As I sit in a corner chair in the psychiatric hospital, just getting off the phone with my parents, tears consumed my eyes. I set the phone beside me and stared off into space wondering how in the fuck I got to where I am now. I'm 21, I should be happy, living it up, drinking wine at 7 P.M. while I get ready to hit up the bars with my roommate. But here I was, locked in a room with ten other people all dealing with a different mental illness of their own.
I sat watching as one of the patients, probably in his late 40's, sat at a table ten feet away from me, with one roll of toilet paper, he began tearing apart the pieces. He looked up at me with sympathetic eyes and asked if I'd come sit with him. As I began to sit down he looked at me, smiled, and said "You're in a rough place now." I nodded curious as to where he was going with not only his words but that damn roll of toilet paper. That's when he began to tell me his story. As he told me his story, he assembled the toilet paper and began shaping it and dipping it in water. He told me how it was week two compared to my night one of being in the hospital as another piece of paper was dipped in water and wrapped strategically around another. He told me he'd been in multiple times before and how this place was nearly home to him, something I couldn't fathom. Then, he changed the course of his story.
More and more toilet paper was being added to his art work and I will never forget how concentrated he was in the motions of his hands as he spoke with ease.

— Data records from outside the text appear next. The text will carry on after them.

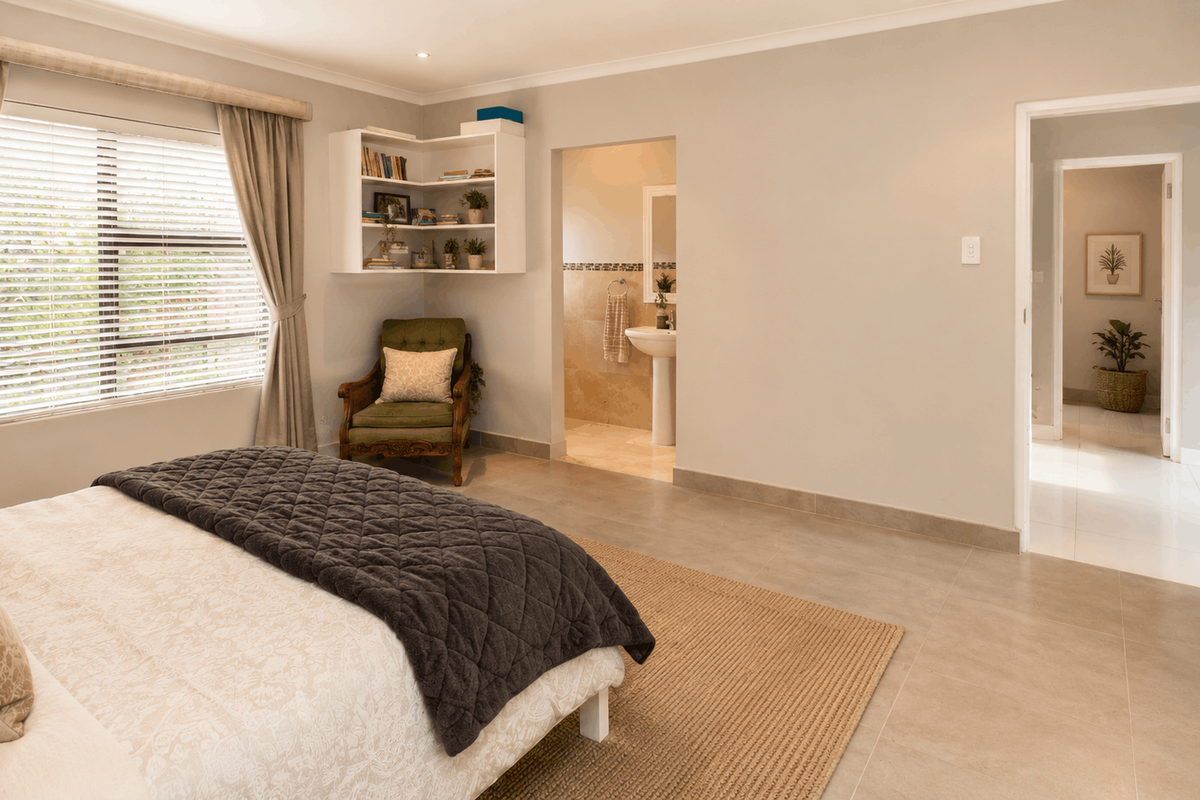 Spacious bedroom featuring neutral tiled flooring, built-in corner shelving, and an en-suite bathroom, with direct access to the hallway.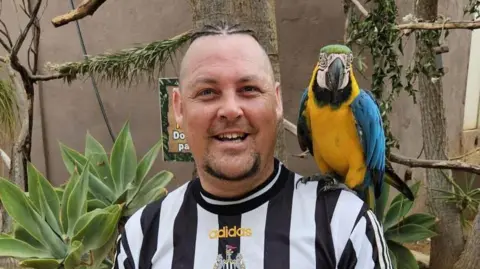 Anthony Robson is wearing a black and white Newcastle top with a parrot on his shoulder. He is smiling to the camera and has a chin beard. 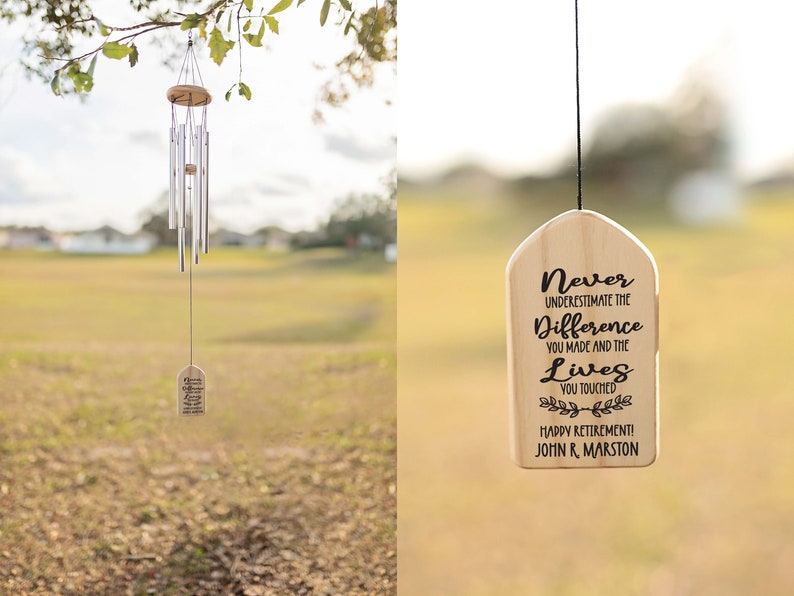 May include: A wooden wind chime with a tag that reads "Never underestimate the difference you made and the lives you touched. Happy Retirement! John R. Marston". The wind chime is hanging from a tree branch.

"You see, we tend to forget why we are here. We seem to lose ourselves in the big things and forget that it's really the small things that matter. Look at these pieces of toilet paper. We all know what they're for and tend to only use them for such. But here I am, turning nothing into something. Something some may find bizarre, but others, others with the intellectual minds who see the deeper meaning behind life, now they see art. Not art in a sense that it'll be in a museum some day, but the type of art that captivates your heart and reminds you that even the simplest of things, can be turned into something beautiful, and become a treasure of your own."
His words hit me hard but in that moment as he handed me a paper rose, I felt at ease. I'll never forget that moment nor will I forget the man who saved me with a rose made of toilet paper in a psychiatric hospital. And to this day, I still have that paper rose, sitting on the dashboard of my car, with him in mind, a guardian angel if you will, as a constant reminder that life is worth living.